Bicycle tires in France have different valves, complex yet ingenious little things that screw out (to inflate) and back in (to seal). Perhaps this style is more widespread than I know, but this is my first encounter.
Car radios are smart. There’s a switch you can flip that will keep the same radio station (or network) tuned, even if you’re traveling a long distance and the actual frequency changes several times.
Escalators are on the other side. Which is to say the “up” is on the left, not the right as it is in Canada. And vice versa.
Milk for tea is served hot. And it also appears to be something of a novelty to order milk with tea at all, as when I order, as instructed by my phrase book, thé au lait I’m often greeted with a quizical (in French) “you mean you’d like some tea, with a little pitcher of milk on the side?”
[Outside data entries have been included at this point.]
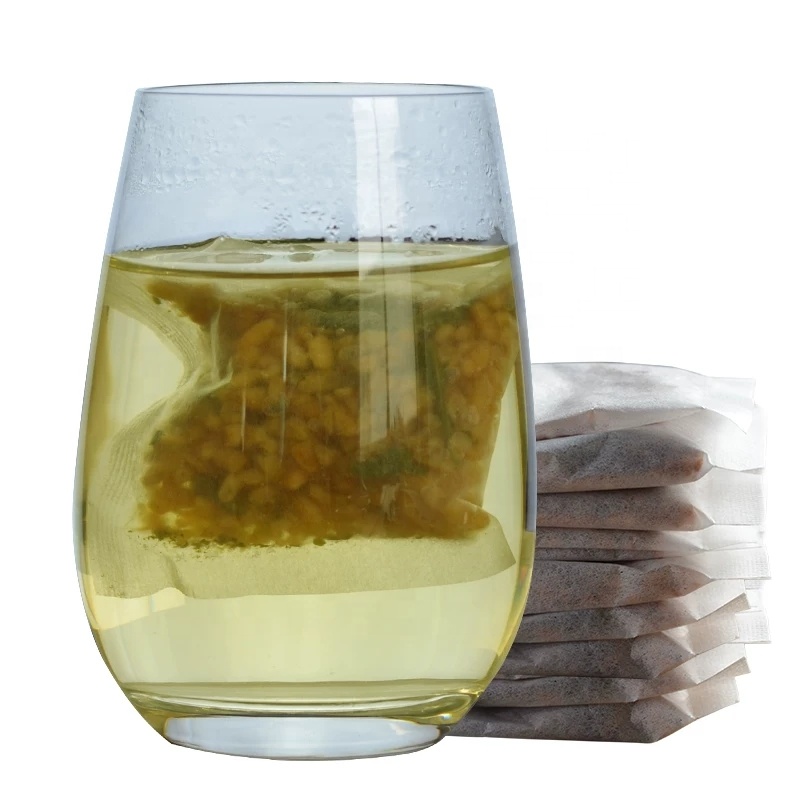 OEM Roasted Rice Tea Genmaicha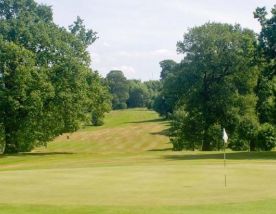 The Chesterfield Golf Club's beautiful golf course within spectacular Derbyshire.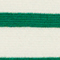 MADDY - Striped merino wool jumper A553 green stripe 2wju244w21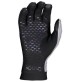 GUANTI RUNNING O CICLISMO WOWOW DARK GLOVES 3.0 RIFLETTENTI INVERNALI TAGLIA L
Aluminum is still in vogue. I couldn’t figure out with the space-age light material that various spoons were made of until Catherine told me it was aluminum. There are also three standard spoon sizes, with an intermediate size betwen our “tea” and “table” spoons.
Credit cards have PIN numbers. Whenever we pay by credit card there is confusion because we don’t have a smart chip in our cards, and need to actually sign the slip rather than typing in a PIN number. I assume this means the French system is an amalgam of our “Interac” and credit card systems, but I’m not sure. Oddly, when paying road tolls on the autoroutes I’ve been able to just slide my card in the slot, and it comes back to me immediately and the gate opens with no “we’re checking to make sure you have enough money” wait. I wonder if they’ve just decided to eat any charges that might arise in return for smoother flowing traffic at the toll plazas.
Milk is sold in “last forever” sterilized packages. Try as we might we’ve not been able to find milk in the “fresh” form that we’re used to at home. Grocery stores have entire aisles where milk is sold in Tetrapak or similar containers, sterilized and sealed and with no need of refrigeration until opened.
Everyone says “bonjour.” Really. Well, perhaps not in the big cities, but here in Aniane everyone we meet, from child to adult, plasterer to businessperson, strange and familiar, says “bonjour” or “bon soir” to us (and to each other) on the street. It’s very endearing.
The country has an excellent tagline. In the annals of three-word phrases, you gotta say that Liberte Egalite Fraternite is a pretty good one. And it appears on every public building, school and piece of official documentation we’ve seen. Canada needs branding like this.